**Problem details:** Every line below should come back exactly as written, though the pictures stay out.
###
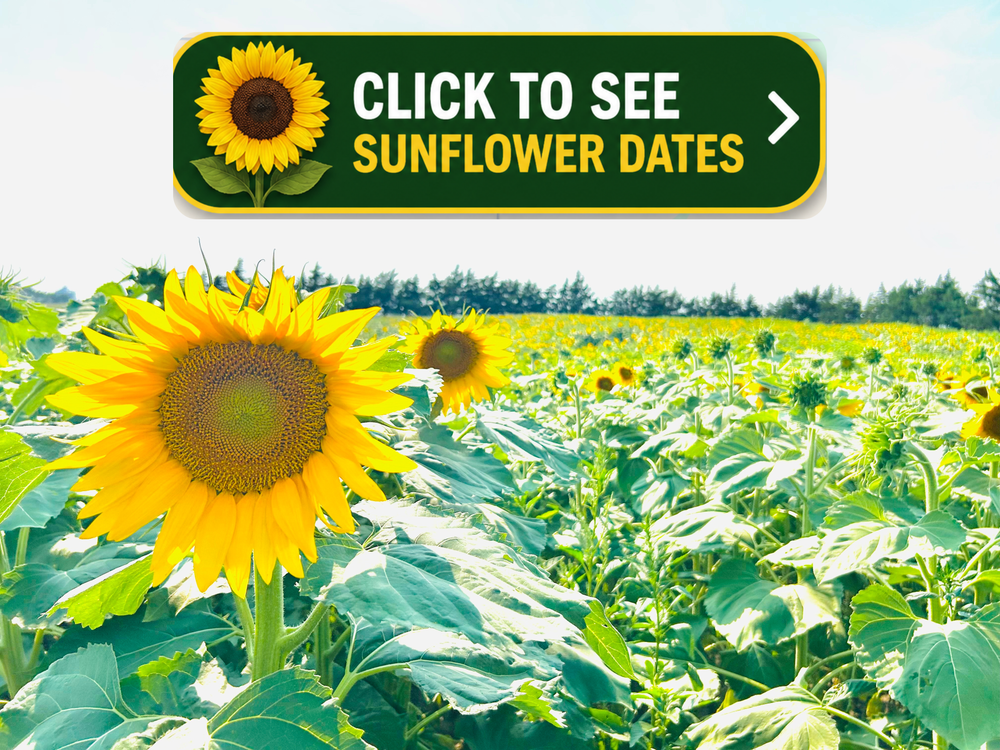 Click to see Sunflower Festival dates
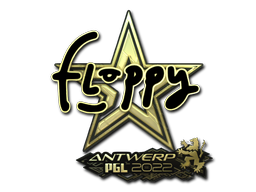 floppy (Gold) | Antwerp 2022 image
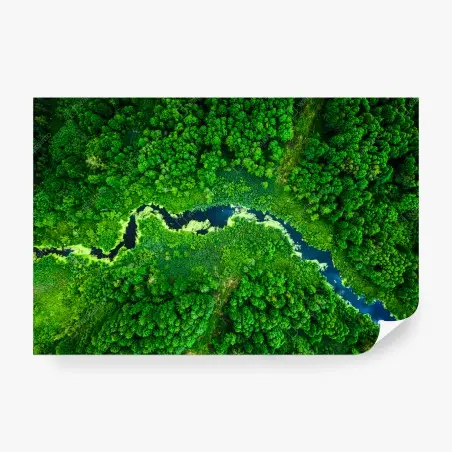 Fotomural río serpenteante en bosque verde – Pixers®
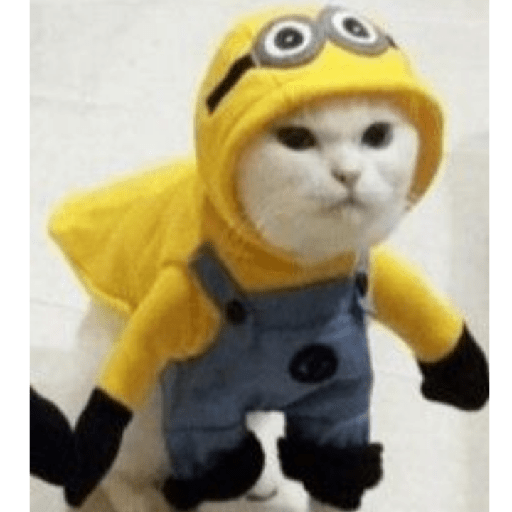 Gatinhos 3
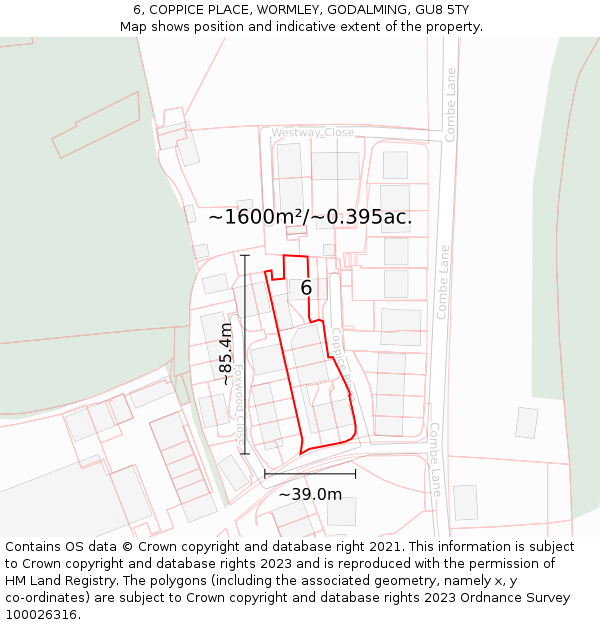 6, COPPICE PLACE, WORMLEY, GODALMING, GU8 5TY: Plot and title map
###
**Answer space:**
 Click to see Sunflower Festival dates
 floppy (Gold) | Antwerp 2022 image
 Fotomural río serpenteante en bosque verde – Pixers®
 Gatinhos 3
 6, COPPICE PLACE, WORMLEY, GODALMING, GU8 5TY: Plot and title map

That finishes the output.